Ex-Rep. Brown Appeal Focuses on Dismissed 'Holy Spirit' Juror
Former Rep. Corrine Brown's attempt to get out of federal prison hinges on an ex-juror who said the “Holy Spirit” told him Brown was not guilty of charges related to a charity scam.
March 29, 2018 at 10:58 AM
3 minute read
Former Rep. Corrine Brown's attempt to get out of federal prison hinges on an ex-juror who said the “Holy Spirit” told him Brown was not guilty of charges related to a charity scam.
Brown's attorney filed a 64-page brief Monday in the U.S. Court of Appeals for the Eleventh Circuit arguing the Jacksonville Democrat's conviction should be tossed out because the juror was improperly dismissed from the case due to his religious statements.
“The record in this case supports only one conclusion: that this juror was basing his verdict on his view of the sufficiency of the evidence, after prayerful consideration and as he saw it, in his mind, guidance from the Holy Spirit,” Brown's attorney, William Mallory Kent, wrote in the brief. “Whether he should or should not have depended on any guidance from the Holy Spirit does not resolve the matter in favor of his dismissal, because the well established law in this and other circuits is that so long as there is any reasonable possibility that the juror is basing his view on the sufficiency of the evidence, he may not be dismissed.

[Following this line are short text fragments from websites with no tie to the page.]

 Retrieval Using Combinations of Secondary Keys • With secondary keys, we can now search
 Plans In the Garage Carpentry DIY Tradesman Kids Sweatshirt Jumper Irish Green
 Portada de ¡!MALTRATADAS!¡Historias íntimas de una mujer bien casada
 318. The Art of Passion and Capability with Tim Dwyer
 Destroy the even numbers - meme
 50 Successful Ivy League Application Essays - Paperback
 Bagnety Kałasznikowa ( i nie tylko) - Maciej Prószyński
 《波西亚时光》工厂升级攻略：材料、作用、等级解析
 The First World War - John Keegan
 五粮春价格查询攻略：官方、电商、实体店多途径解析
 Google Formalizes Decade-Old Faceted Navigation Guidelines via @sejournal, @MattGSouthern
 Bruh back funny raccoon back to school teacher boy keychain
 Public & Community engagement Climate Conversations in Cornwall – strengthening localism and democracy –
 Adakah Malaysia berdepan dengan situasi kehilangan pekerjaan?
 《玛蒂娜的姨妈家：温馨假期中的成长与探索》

Dismissal requires substantial evidence that the juror is engaged in willful misconduct.”
But in a December court document, U.S. District Judge Timothy Corrigan, who sentenced Brown to five years in prison, rejected arguments that he improperly dismissed the juror.
“In essence, the court [judge] dismissed a juror who it found was unable to follow the law,” Corrigan wrote Dec. 20. “The court applied the governing legal standard to the facts, finding beyond a reasonable doubt that there was no substantial possibility that the juror was able to base his decision only on the evidence and the law as the court had instructed.”
Brown, a former 12-term congresswoman, was convicted in May on 18 felony counts related to her role in using contributions to the One Door for Education charity for personal expenses and events.
In sentencing Brown on Dec. 4, Corrigan issued a 25-page order that said the One Door for Education charity, which was originally established to help children, was “operated as a criminal enterprise” by Brown, her longtime chief of staff, Ronnie Simmons, and the charity's founder, Carla Wiley.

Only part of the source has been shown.